The task: Please output exactly the lines of the material from the first through the line containing "Rise And Shine Rhinestone Clock Trim Watch", and nothing more.

The input:
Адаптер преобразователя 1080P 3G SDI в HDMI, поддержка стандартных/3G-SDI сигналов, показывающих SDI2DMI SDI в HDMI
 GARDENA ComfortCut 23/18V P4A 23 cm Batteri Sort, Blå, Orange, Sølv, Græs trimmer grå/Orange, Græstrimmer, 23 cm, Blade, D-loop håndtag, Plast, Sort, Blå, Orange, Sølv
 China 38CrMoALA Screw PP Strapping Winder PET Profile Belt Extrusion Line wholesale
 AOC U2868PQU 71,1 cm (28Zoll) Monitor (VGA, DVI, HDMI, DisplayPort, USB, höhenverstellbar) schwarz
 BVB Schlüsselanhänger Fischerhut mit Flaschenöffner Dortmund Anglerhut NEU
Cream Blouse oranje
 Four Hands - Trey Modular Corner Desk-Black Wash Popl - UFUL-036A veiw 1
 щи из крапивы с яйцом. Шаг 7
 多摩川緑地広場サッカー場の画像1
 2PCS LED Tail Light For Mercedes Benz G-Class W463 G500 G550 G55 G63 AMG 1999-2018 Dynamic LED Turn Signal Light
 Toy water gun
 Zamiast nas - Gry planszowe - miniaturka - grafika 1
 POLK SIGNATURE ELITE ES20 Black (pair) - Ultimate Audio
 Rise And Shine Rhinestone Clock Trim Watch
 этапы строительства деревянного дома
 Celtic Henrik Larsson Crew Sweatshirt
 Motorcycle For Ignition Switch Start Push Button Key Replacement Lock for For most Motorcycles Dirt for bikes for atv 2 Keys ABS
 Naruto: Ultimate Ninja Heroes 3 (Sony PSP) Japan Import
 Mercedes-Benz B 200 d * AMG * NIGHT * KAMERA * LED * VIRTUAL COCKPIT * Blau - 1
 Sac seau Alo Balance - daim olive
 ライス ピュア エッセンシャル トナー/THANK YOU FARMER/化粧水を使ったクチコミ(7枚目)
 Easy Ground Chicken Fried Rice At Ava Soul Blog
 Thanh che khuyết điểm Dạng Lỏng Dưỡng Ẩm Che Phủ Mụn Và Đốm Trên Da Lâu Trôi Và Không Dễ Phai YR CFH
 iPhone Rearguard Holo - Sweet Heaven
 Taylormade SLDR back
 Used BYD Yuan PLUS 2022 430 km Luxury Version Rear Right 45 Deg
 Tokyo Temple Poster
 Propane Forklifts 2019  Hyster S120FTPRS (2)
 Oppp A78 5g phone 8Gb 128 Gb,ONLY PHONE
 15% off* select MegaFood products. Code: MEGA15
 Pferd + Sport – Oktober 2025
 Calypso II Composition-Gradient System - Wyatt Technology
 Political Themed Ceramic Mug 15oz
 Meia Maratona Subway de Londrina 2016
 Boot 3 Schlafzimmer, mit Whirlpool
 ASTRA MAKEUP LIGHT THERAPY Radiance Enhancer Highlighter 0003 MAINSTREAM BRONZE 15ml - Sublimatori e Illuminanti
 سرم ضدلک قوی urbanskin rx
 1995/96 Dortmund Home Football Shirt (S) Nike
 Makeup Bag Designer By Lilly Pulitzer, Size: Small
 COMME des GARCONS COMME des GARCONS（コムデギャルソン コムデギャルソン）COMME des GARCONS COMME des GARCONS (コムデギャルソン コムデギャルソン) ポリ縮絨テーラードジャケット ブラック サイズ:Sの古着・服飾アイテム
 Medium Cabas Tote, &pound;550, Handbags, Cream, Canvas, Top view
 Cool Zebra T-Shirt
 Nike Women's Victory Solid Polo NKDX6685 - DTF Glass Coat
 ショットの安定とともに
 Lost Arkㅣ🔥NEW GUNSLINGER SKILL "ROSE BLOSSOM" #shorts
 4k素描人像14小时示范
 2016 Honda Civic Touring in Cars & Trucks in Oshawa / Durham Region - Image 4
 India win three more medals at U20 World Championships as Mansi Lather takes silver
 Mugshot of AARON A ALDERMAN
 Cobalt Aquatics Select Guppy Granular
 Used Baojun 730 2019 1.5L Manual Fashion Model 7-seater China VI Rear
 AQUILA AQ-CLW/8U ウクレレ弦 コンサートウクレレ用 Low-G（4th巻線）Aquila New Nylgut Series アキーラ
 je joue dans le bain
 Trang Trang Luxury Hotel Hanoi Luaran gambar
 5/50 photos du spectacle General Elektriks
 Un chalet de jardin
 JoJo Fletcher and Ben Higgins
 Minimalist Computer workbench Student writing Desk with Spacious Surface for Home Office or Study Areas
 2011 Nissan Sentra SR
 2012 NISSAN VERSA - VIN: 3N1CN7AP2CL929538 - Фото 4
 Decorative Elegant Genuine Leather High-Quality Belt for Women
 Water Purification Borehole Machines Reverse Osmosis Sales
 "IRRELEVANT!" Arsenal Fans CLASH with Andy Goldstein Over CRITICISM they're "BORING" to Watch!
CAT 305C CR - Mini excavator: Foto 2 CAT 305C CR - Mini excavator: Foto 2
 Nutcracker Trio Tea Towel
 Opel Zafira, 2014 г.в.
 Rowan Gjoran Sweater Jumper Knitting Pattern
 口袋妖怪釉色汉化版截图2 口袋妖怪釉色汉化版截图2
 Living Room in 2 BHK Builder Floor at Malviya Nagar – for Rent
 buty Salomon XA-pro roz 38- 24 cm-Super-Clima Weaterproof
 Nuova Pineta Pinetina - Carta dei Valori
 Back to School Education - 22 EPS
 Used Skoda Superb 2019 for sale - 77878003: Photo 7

Answer box:
Адаптер преобразователя 1080P 3G SDI в HDMI, поддержка стандартных/3G-SDI сигналов, показывающих SDI2DMI SDI в HDMI
 GARDENA ComfortCut 23/18V P4A 23 cm Batteri Sort, Blå, Orange, Sølv, Græs trimmer grå/Orange, Græstrimmer, 23 cm, Blade, D-loop håndtag, Plast, Sort, Blå, Orange, Sølv
 China 38CrMoALA Screw PP Strapping Winder PET Profile Belt Extrusion Line wholesale
 AOC U2868PQU 71,1 cm (28Zoll) Monitor (VGA, DVI, HDMI, DisplayPort, USB, höhenverstellbar) schwarz
 BVB Schlüsselanhänger Fischerhut mit Flaschenöffner Dortmund Anglerhut NEU
Cream Blouse oranje
 Four Hands - Trey Modular Corner Desk-Black Wash Popl - UFUL-036A veiw 1
 щи из крапивы с яйцом. Шаг 7
 多摩川緑地広場サッカー場の画像1
 2PCS LED Tail Light For Mercedes Benz G-Class W463 G500 G550 G55 G63 AMG 1999-2018 Dynamic LED Turn Signal Light
 Toy water gun
 Zamiast nas - Gry planszowe - miniaturka - grafika 1
 POLK SIGNATURE ELITE ES20 Black (pair) - Ultimate Audio
 Rise And Shine Rhinestone Clock Trim Watch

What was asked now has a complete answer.